* Work instruction:
Every entry below must be reproduced exactly.

[Short web captions]
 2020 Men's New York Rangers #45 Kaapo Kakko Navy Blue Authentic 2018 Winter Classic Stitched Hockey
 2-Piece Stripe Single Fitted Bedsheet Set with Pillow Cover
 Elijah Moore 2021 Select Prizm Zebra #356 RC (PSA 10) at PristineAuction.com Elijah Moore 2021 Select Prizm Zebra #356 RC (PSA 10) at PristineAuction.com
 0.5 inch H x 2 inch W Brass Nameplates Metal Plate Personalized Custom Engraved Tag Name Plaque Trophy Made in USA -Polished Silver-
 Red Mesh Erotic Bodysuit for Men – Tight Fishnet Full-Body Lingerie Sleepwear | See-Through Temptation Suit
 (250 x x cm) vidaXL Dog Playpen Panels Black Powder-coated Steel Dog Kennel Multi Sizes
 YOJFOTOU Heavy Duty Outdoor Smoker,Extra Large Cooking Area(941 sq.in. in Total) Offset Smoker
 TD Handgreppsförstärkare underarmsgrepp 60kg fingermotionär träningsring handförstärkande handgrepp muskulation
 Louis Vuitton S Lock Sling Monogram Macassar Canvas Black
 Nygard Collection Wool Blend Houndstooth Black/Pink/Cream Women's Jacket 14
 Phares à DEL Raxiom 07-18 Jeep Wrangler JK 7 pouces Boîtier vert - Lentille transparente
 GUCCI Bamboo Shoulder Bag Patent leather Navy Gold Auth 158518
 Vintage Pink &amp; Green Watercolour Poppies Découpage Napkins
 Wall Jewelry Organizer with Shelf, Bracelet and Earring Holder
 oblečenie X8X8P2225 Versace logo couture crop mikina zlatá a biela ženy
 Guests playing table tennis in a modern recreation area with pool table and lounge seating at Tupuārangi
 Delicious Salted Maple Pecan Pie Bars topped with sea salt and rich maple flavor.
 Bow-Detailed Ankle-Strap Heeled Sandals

* Worked solution:
 2020 Men's New York Rangers #45 Kaapo Kakko Navy Blue Authentic 2018 Winter Classic Stitched Hockey
 2-Piece Stripe Single Fitted Bedsheet Set with Pillow Cover
 Elijah Moore 2021 Select Prizm Zebra #356 RC (PSA 10) at PristineAuction.com Elijah Moore 2021 Select Prizm Zebra #356 RC (PSA 10) at PristineAuction.com
 0.5 inch H x 2 inch W Brass Nameplates Metal Plate Personalized Custom Engraved Tag Name Plaque Trophy Made in USA -Polished Silver-
 Red Mesh Erotic Bodysuit for Men – Tight Fishnet Full-Body Lingerie Sleepwear | See-Through Temptation Suit
 (250 x x cm) vidaXL Dog Playpen Panels Black Powder-coated Steel Dog Kennel Multi Sizes
 YOJFOTOU Heavy Duty Outdoor Smoker,Extra Large Cooking Area(941 sq.in. in Total) Offset Smoker
 TD Handgreppsförstärkare underarmsgrepp 60kg fingermotionär träningsring handförstärkande handgrepp muskulation
 Louis Vuitton S Lock Sling Monogram Macassar Canvas Black
 Nygard Collection Wool Blend Houndstooth Black/Pink/Cream Women's Jacket 14
 Phares à DEL Raxiom 07-18 Jeep Wrangler JK 7 pouces Boîtier vert - Lentille transparente
 GUCCI Bamboo Shoulder Bag Patent leather Navy Gold Auth 158518
 Vintage Pink &amp; Green Watercolour Poppies Découpage Napkins
 Wall Jewelry Organizer with Shelf, Bracelet and Earring Holder
 oblečenie X8X8P2225 Versace logo couture crop mikina zlatá a biela ženy
 Guests playing table tennis in a modern recreation area with pool table and lounge seating at Tupuārangi
 Delicious Salted Maple Pecan Pie Bars topped with sea salt and rich maple flavor.
 Bow-Detailed Ankle-Strap Heeled Sandals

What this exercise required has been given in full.